Марьинка – прекрасный город: зеленый, цветущий, с каштанами... Его не существует. Они так "освобождают"

– 24-й год прорывом может стать?

– Военным прорывом?

– Да.

– Я не вижу пока к этому предпосылок, к сожалению. Я не вижу ни со стороны России, ни со стороны Украины чего-то такого, на что можно опереться. Например, у нас там 10 корпусов в Британии учится – и вот они вернутся... Того не вижу. То, что я вижу, – что Российская Федерация может сделать повторное наступление по направлению границы России: там, в Черниговской, Сумской и так далее – и по направлению территории Беларуси. Это вступление белорусской армии в эту войну. Вот такие, не очень хорошие, предпосылки я вижу.

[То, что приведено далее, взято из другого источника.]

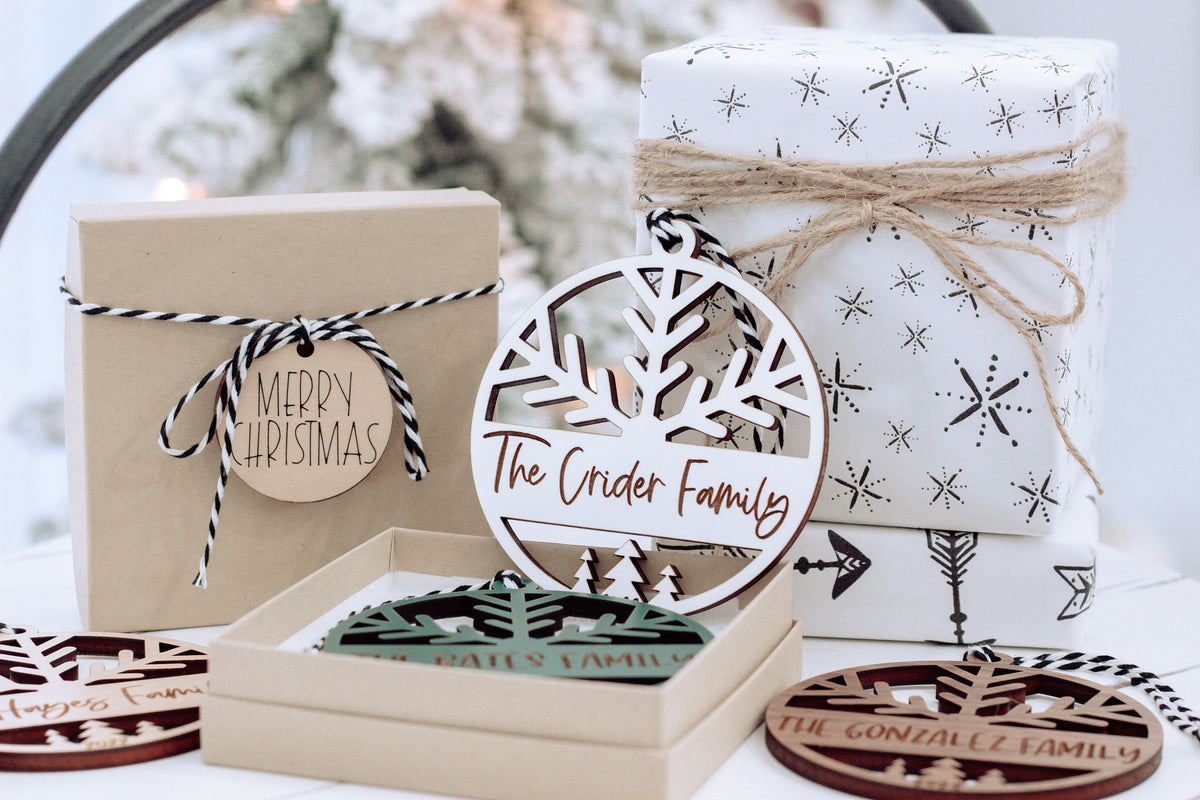 Engraved round family name ornament with hanging loop, in box with ribbon and wrapped keepsake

С нашей стороны... Дайте еще два месяца – и посмотрим, сделало ли украинское общество работу над ошибками или нет. То есть от нас зависит больше. Вообще эта война зависит больше от нас, чем от России. Я так полагаю. Не знаю, правда это или нет, но я слышал, что Российская Федерация готова была отвести войска с территории оккупированной Украины в обмен на Крым. В какой-то момент, когда было харьковское наступление, когда от Херсона они отводили войска. Я это слышал. Я не знаю, это правда или нет, но для меня она выглядит возможной. И тогда украинское политическое решение все равно было продолжить войну. И я считаю это тоже правильным. Если это так было. Потому что это просто слухи, вы понимаете. Потому что когда мы остановимся, просто такой раздор будет в Украине... Пусть он и будет. Это называется "демократия". Пусть он будет. Каждый человек заслуживает своего мнения, если он не пророссийский: особенно в состоянии войны. Но нужно понимать, что демократия в войсках, демократия в воюющей стране – это плохо. Нравится вам это или нет – это плохо. Потому что мы просто не выживем. А говорить, что, ну, значит, мы не заслуживаем жизни как государство, не может никто, кроме тех – не знаю, – кто находился в тех ужасах, как в Мариуполе, там, Авдеевке сейчас, Марьинке... Марьинка – прекрасный город: зеленый, цветущий, с каштанами... Его не существует. Они так "освобождают", поймите это. И если вы думаете, что если мы договоримся… Например, условно, делаем так, что Россия захватывает Украину – и все: война заканчивается… Нет, сюда загонят всех бурятов – не знаю, – кадыровцев, еще кого-то. И просто представьте, что они будут делать. А вообще вспомните, что советские войска делали в Берлине, когда выиграли Вторую мировую. Можно прочесть мемуары.

– Да.

– Вообще-то Министерству образования считаю целесообразным некоторые вещи вводить в школьную программу, чтобы дети понимали, что такое российский менталитет. Потому что украинский менталитет – он совершенно отличается, он совершенно другой. Мы никогда не были страной, оккупирующей другие государства. Мы знаем, что такое свобода. И мы не можем себе позволить, мы не можем переломить себя, чтобы быть оккупантами. Поэтому мы настолько, я считаю, ценим свободу. Поэтому для нас просто мысль о том, что кто-то, кто не виноват, будет страдать – она недопустима. А для них это норма, для них это как... "Ну вот, мир такой – он должен таким и быть. Мы должны убивать детей, мы должны насиловать, чтобы другим неповадно было". Вот они такие – русские. И договоренности ничего не решат.

– Богдан, и вас, и Редиса, и Калину, и всех ваших собратьев с Новым годом. Благодарю вас от имени всех, кто сейчас нас смотрит, за то, что вы есть, за то, что вы защитили Украину и защищаете ее сегодня. И слава Украине.

– Героям слава. Благодарю вас, Дмитрий.